== Problem statement ==
When the line with "this 650×425 image." comes up, set it down and every later line to the end of the data, exactly and without pictures.

Content starts

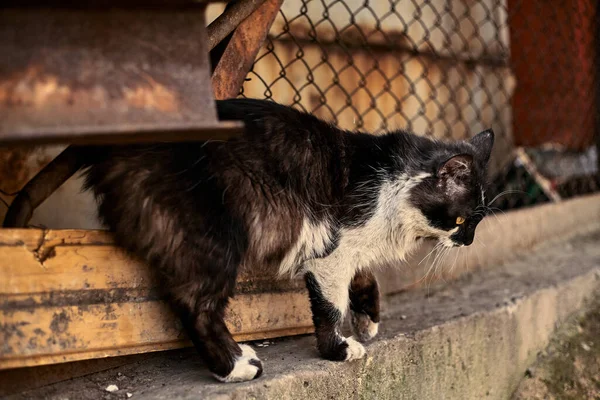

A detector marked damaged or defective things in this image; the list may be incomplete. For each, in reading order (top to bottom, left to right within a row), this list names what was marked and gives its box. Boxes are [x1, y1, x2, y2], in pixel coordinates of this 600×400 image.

rusty metal sheet [0, 6, 239, 145]
rusty metal beam [211, 0, 284, 98]
rusty metal sheet [212, 0, 284, 99]
cracked concrete surface [4, 231, 600, 400]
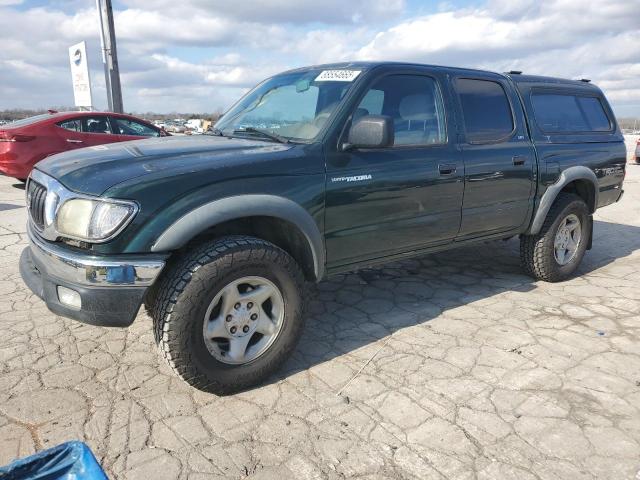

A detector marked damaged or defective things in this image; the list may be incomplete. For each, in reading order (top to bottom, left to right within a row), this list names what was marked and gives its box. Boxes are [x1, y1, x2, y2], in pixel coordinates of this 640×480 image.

cracked concrete pavement [1, 166, 640, 480]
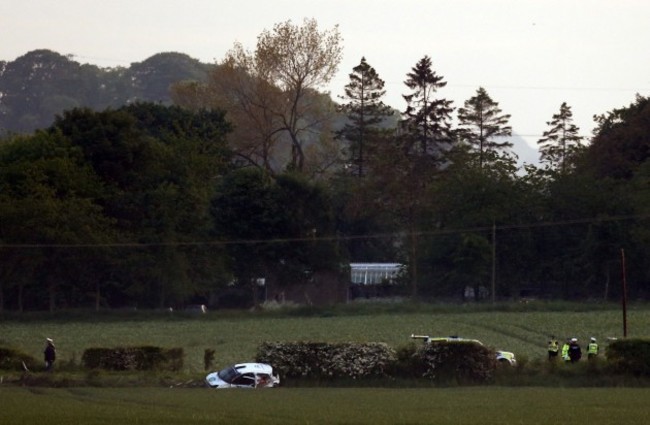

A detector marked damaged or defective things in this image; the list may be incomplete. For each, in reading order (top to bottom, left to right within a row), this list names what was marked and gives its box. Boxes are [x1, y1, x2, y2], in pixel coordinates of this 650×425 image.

crashed white car [410, 334, 516, 364]
crashed white car [205, 362, 278, 388]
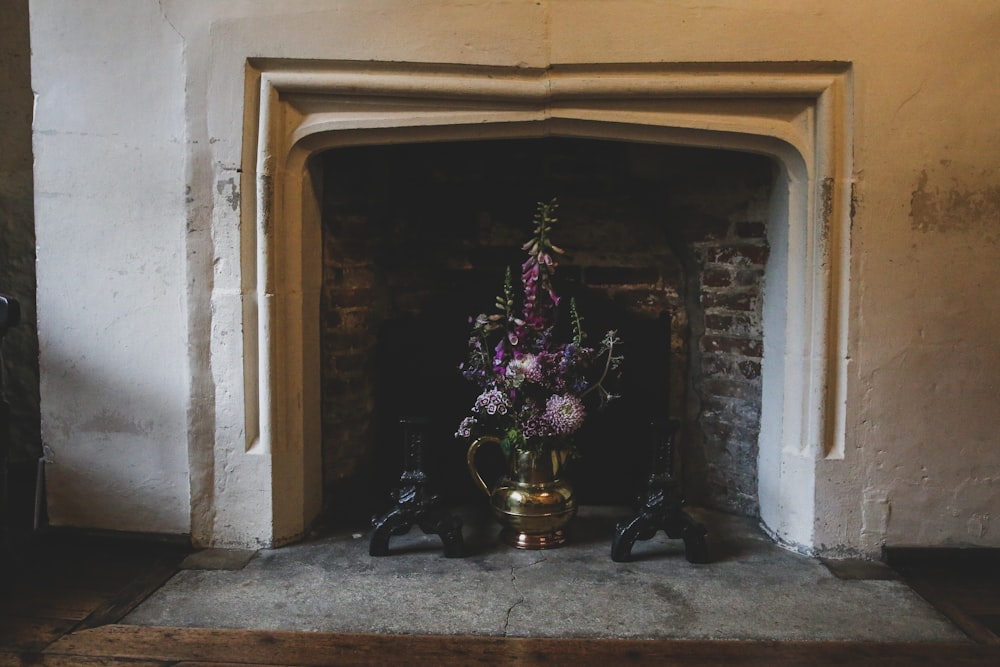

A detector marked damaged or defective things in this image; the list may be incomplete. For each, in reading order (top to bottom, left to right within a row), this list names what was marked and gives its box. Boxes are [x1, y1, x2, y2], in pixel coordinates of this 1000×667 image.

Content ends

== The completed task ==
A detector marked damaged or defective things in this image; the list may be incomplete. For each, in reading order (top to bottom, left to right within a row), this list names what was marked and gives its box. Boxes are [x1, y1, x2, y2], in pixel coordinates of this 650×425 image.

crashed white car [410, 334, 516, 364]
crashed white car [205, 362, 278, 388]

A detector marked damaged or defective things in this image; the list may be incomplete. For each, in reading order (top to bottom, left to right within a row), this list names what was marked and gives its box. Boxes are [x1, y1, x2, y2], in pixel coordinates of this 1000×667 image.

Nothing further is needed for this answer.